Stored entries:
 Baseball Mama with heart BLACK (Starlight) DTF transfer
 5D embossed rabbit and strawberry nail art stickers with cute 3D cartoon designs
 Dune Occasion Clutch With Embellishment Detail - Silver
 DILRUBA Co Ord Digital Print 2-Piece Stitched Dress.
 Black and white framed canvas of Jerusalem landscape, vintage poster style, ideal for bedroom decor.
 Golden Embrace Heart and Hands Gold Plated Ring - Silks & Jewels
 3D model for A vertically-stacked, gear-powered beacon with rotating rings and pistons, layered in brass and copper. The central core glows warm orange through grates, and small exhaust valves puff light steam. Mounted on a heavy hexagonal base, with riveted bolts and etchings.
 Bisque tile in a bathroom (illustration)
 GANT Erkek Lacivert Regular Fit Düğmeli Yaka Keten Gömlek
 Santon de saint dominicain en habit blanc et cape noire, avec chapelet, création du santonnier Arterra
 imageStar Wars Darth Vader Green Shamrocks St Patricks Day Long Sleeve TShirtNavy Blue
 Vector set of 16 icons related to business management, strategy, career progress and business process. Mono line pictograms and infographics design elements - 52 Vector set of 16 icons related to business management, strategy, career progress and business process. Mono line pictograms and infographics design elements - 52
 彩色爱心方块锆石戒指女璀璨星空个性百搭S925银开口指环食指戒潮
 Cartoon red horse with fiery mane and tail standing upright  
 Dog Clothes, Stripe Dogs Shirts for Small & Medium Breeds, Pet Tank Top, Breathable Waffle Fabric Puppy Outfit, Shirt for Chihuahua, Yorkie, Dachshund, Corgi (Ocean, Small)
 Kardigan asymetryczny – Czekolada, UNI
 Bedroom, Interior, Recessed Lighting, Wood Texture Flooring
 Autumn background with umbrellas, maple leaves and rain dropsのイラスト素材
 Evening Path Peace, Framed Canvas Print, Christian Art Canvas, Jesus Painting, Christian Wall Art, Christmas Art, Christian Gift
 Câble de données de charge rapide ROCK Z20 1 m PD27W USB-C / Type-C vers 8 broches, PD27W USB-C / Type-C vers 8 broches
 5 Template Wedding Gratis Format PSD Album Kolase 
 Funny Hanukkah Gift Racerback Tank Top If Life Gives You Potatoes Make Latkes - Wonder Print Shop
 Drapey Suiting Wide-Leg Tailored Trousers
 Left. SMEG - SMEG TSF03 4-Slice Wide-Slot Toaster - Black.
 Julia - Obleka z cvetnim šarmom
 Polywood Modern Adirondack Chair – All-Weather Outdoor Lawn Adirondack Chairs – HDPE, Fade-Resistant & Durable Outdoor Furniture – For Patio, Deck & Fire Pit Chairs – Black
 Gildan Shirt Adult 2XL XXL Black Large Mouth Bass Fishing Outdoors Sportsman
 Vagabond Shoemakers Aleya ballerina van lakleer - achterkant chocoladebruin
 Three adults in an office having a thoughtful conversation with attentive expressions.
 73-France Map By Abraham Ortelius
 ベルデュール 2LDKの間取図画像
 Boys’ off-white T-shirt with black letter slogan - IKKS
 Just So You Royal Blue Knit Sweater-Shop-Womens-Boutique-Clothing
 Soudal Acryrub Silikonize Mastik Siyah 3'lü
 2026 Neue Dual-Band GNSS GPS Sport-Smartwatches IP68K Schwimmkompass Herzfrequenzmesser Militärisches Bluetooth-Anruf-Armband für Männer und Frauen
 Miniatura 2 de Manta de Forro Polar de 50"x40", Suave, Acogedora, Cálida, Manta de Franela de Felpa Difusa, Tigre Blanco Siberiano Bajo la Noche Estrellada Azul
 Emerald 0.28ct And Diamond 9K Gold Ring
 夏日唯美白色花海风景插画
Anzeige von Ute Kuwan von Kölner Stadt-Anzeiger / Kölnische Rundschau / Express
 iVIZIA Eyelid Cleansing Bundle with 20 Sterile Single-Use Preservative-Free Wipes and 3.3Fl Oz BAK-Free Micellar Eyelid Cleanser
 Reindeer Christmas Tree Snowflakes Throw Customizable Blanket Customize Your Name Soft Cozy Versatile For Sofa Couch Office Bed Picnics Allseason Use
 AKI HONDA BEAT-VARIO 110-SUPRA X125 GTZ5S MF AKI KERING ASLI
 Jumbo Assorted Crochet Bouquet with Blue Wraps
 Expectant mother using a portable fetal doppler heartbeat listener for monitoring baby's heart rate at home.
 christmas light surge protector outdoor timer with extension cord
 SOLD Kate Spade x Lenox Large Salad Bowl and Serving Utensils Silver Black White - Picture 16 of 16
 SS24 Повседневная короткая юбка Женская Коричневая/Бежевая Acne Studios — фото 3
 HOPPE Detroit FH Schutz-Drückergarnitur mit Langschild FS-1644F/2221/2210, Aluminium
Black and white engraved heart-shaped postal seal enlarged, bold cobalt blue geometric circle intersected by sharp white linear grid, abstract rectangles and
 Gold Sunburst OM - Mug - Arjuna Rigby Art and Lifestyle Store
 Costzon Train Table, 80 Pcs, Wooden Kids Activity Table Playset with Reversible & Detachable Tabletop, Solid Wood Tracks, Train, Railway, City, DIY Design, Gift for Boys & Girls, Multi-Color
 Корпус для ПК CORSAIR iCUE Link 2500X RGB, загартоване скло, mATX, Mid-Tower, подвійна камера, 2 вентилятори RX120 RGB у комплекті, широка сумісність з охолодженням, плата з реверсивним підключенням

▶ _Exercise objective_
There is a line with "imageStar Wars Darth" and a line with "Cartoon red horse" above. Copy exactly those two lines and all lines between them, with nothing else.

▶ _Result below_
 imageStar Wars Darth Vader Green Shamrocks St Patricks Day Long Sleeve TShirtNavy Blue
 Vector set of 16 icons related to business management, strategy, career progress and business process. Mono line pictograms and infographics design elements - 52 Vector set of 16 icons related to business management, strategy, career progress and business process. Mono line pictograms and infographics design elements - 52
 彩色爱心方块锆石戒指女璀璨星空个性百搭S925银开口指环食指戒潮
 Cartoon red horse with fiery mane and tail standing upright  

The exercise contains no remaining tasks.